Mit seinen Straßenaktionen wie etwa Lautsprecherfahrten durch den Kiez im Wahlkampf, Unterschriftensammlungen für das Krankenhaus-Volksbegehren, regelmäßigen Infoständen im Kiez und sogenannten Organizing-Ansätzen ist die Neuköllner LINKE seit einigen Jahren sehr erfolgreich unterwegs. In Nordneukölln beispielsweise lag die Partei bei der letzten Bundestagswahl, aber auch der Abgeordnetenhauswahl in großen Teilen Nordneuköllns sogar vorne. »Da hat sich die SPD ziemlich erschrocken«, sagt Wittler.
Eine aktuelle Kampagne fährt der Bezirksverband in der Gropiusstadt. Hier im Süden des Bezirks, genau wie in Rudow, erzielt die LINKE zwar auch gute Wahlergebnisse, es gibt aber bei weitem nicht so eine gute Organisierung in Basisorganisationen wie im nördlichen Teil des Bezirks. »Da ziehen wir von Haustür zu Haustür und organisieren Mieter gegen die Wärmedämmungsmodernisierungen«, sagt Wittler. Die Mieter der Großsiedlung haben vor einiger Zeit Sanierungsankündigungen erhalten und haben nun große Angst vor Mieterhöhungen. Kern des aus der internationalen Gewerkschaftsbewegung entlehnten Organizing-Ansatz ist die Mitgliedergewinnung.
Wie auch anderswo in Berlin funktioniert das in Neukölln besonders hervorragend: Allein im vergangenen Jahr schlossen sich 150 neue Mitglieder der Partei an. Rund 500 Mitglieder hat die LINKE insgesamt in Neukölln. Mit den Eintritten verändert sich auch der Bezirksverband, denn viele der Neuen sind sehr jung. Dadurch verlieren auch innerparteiliche Strömungszugehörigkeiten an Relevanz. In den vergangenen Jahren wurde den Neuköllner von den Medien gerne die Rolle der Fundamentalopposition innerhalb der LINKEN zugeschrieben. Als es Ende 2016 etwa um die Frage einer erneuten Regierungsbeteiligung der Partei im Senat ging, kamen die lautesten Vorbehalte von Vertretern der Neuköllner Sozialisten. In diesem Verband ist auch die Strömung »Marx21« besonders stark. Moritz Wittler, der selber auch in dieser Strömung mitarbeitet, ärgern solche Zuschreibungen jedoch: »Ein großer Teil der Aktiven ist nicht bei Marx21«, sagt er. Auch für ihn persönlich spiele das keine so große Rolle. Und im Vergleich mit anderen Bezirksverbänden gebe es in Neukölln eine viel lebendigere Debatte, ist sich der Sprecher sicher.
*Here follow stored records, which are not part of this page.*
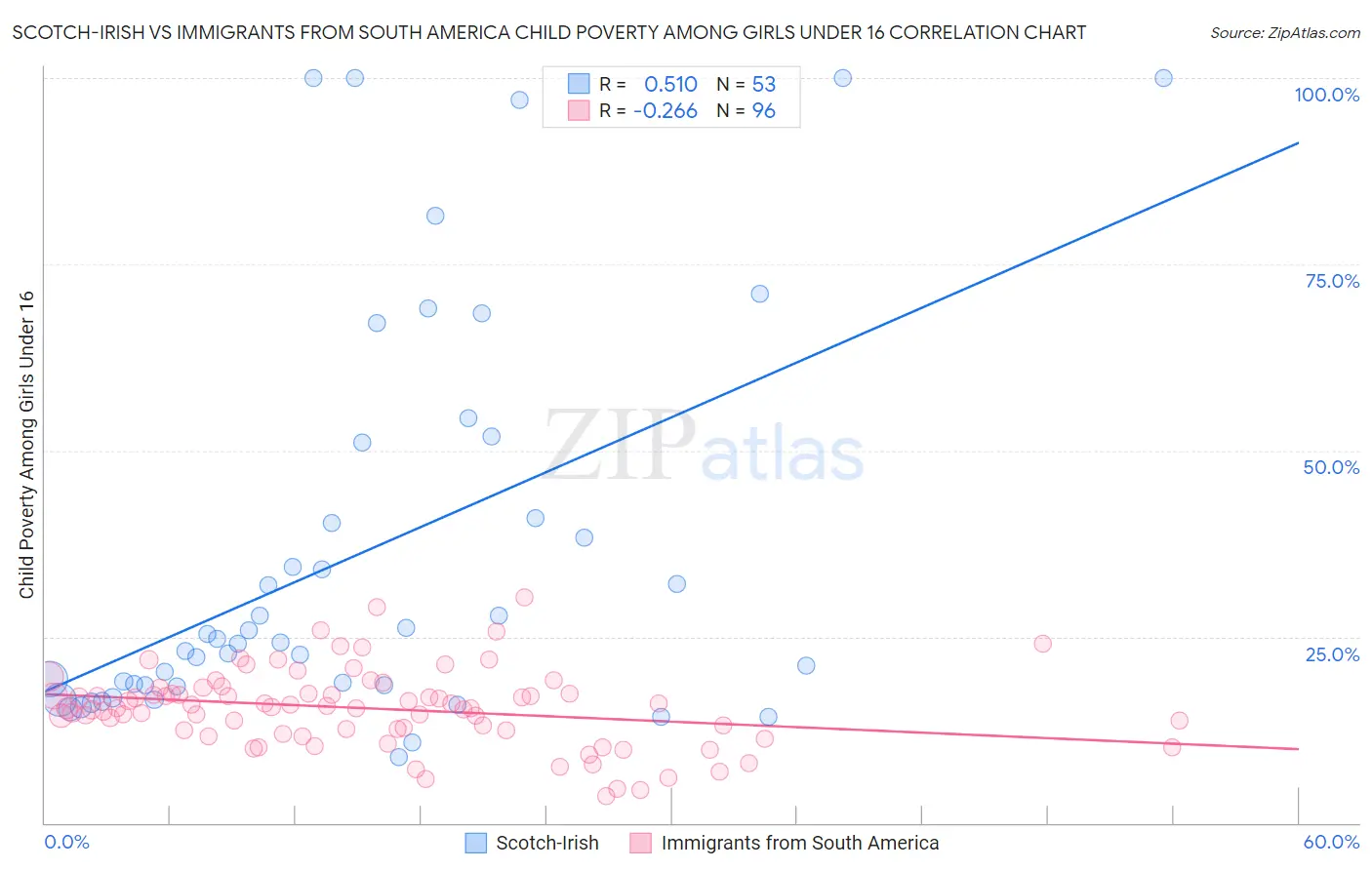 Scotch-Irish vs Immigrants from South America Child Poverty Among Girls Under 16
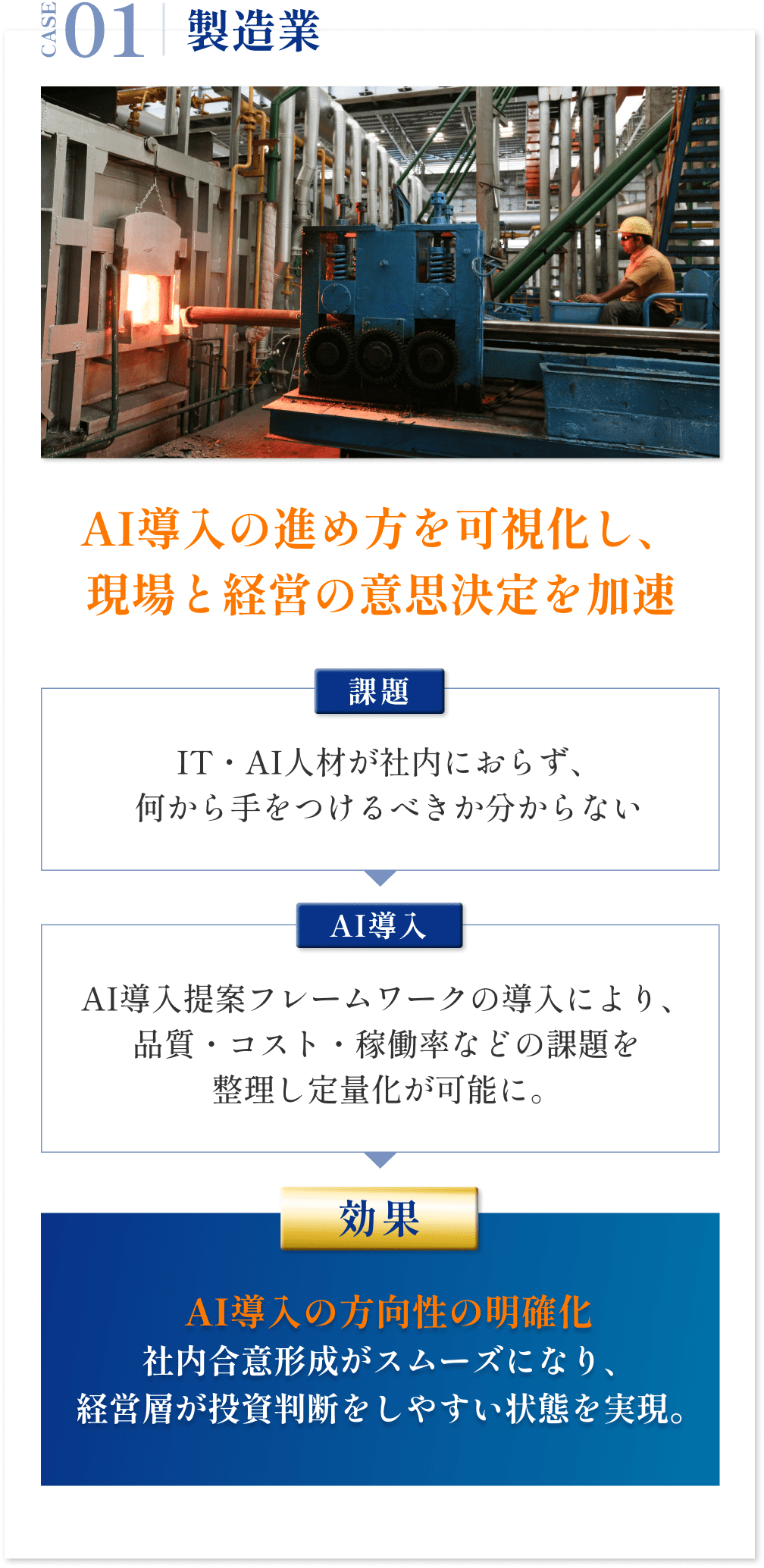 製造業|AI導入の進め方を可視化し、現場と経営の意思決定を加速
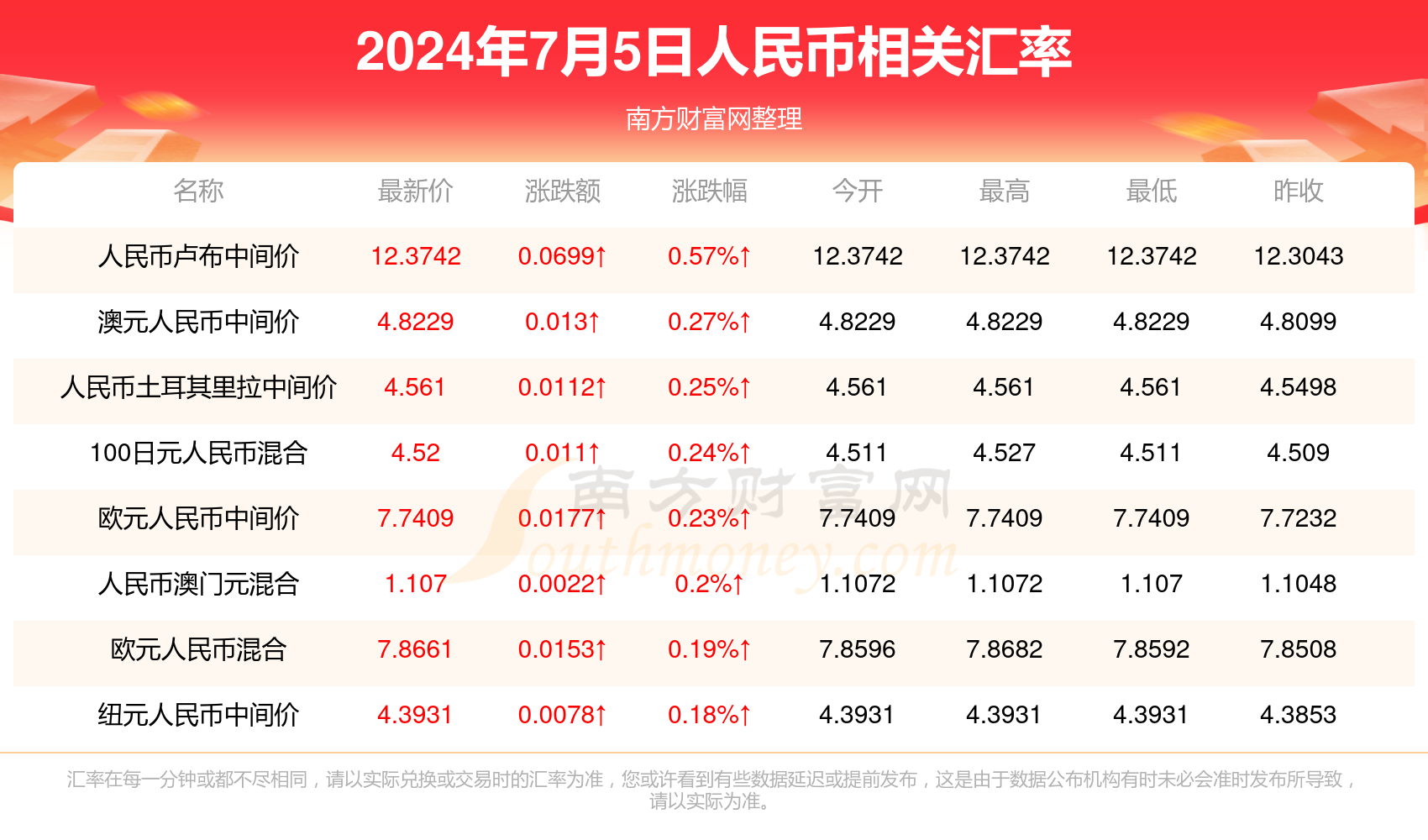 2025年1月18日 第112页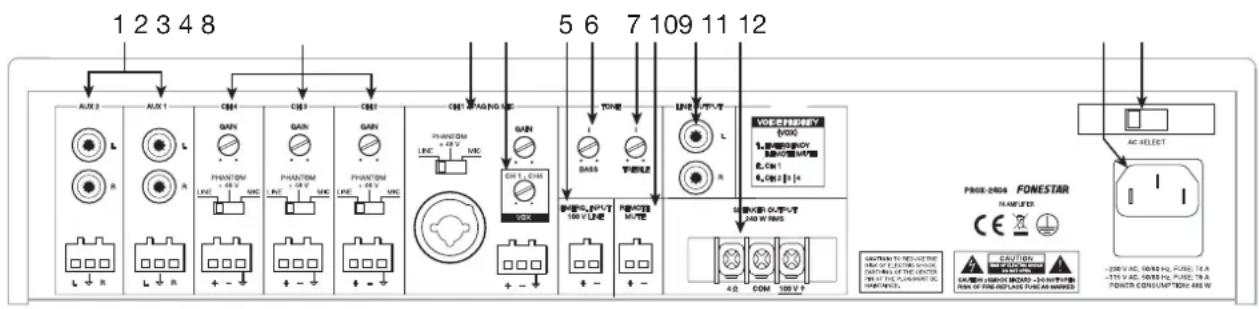 FoneStar PROX240S - PANEL POSTERIOR - 1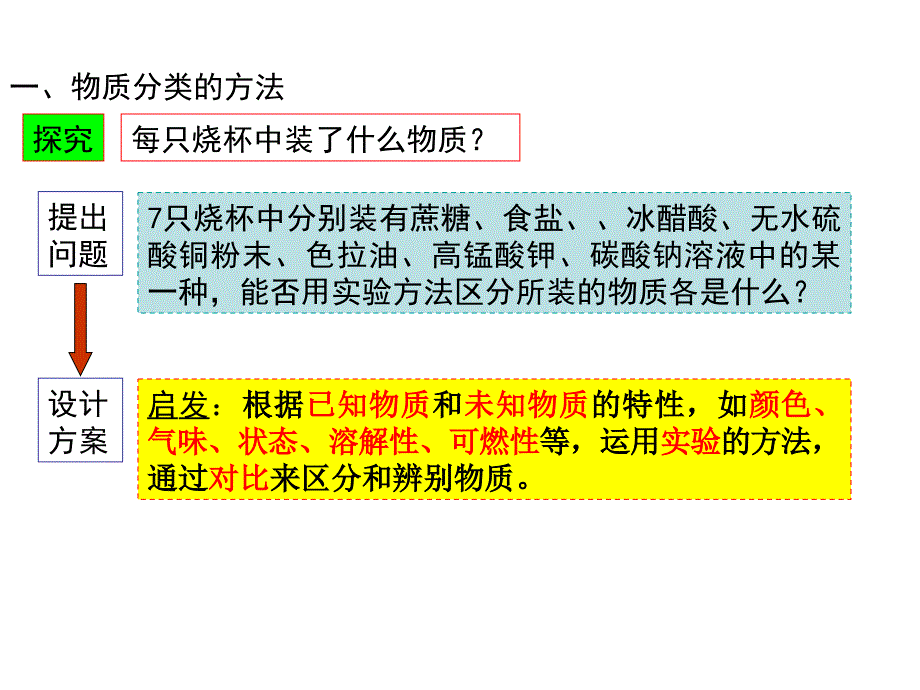 九年级上第二章第一节课件_第4页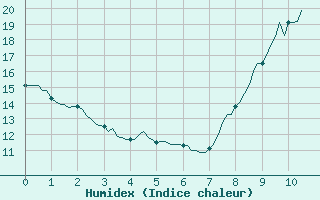 Courbe de l'humidex pour Saffr (44)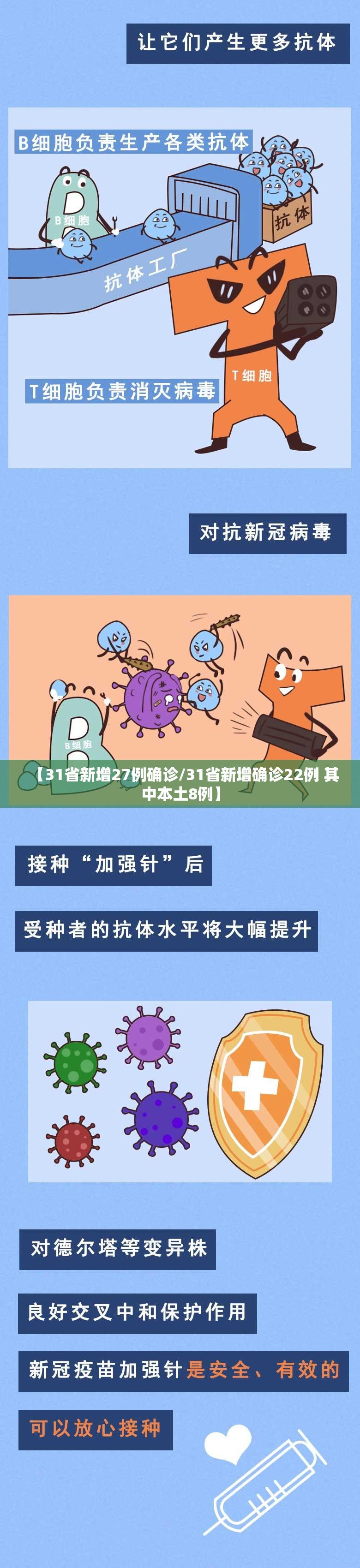 【31省新增27例确诊/31省新增确诊22例 其中本土8例】 【31省新增27例确诊/31省新增确诊22例 其中本土8例】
Diskussionsveranstaltungen, Lesungen und Informationsabende wie zum Beispiel zur Clubkultur oder zu rechtsextremen Angriffen werden inzwischen auch regelmäßig in Neukölln im »RigoRosa« veranstaltet. Dieses »offene Abgeordnetenbüro« haben die seit der vergangenen Wahl im Abgeordnetenhaus vertretenen Linkspartei-Abgeordneten Anne Helm und Niklas Schrader aus Neukölln eingerichtet. »Die arbeiten mit, machen hier ihre Veranstaltungen und powern übers Büro«, sagt Wittler dazu. Eine gewisse Distanz ist spürbar, als es seinerzeit um die Aufstellung der Landesliste ging, hatte der Bezirksverband zwei andere Kandidaten ins Rennen geschickt, die letztlich aber in Kampfkandidaturen um aussichtsreiche Plätze zum Teil äußerst knapp scheiterten.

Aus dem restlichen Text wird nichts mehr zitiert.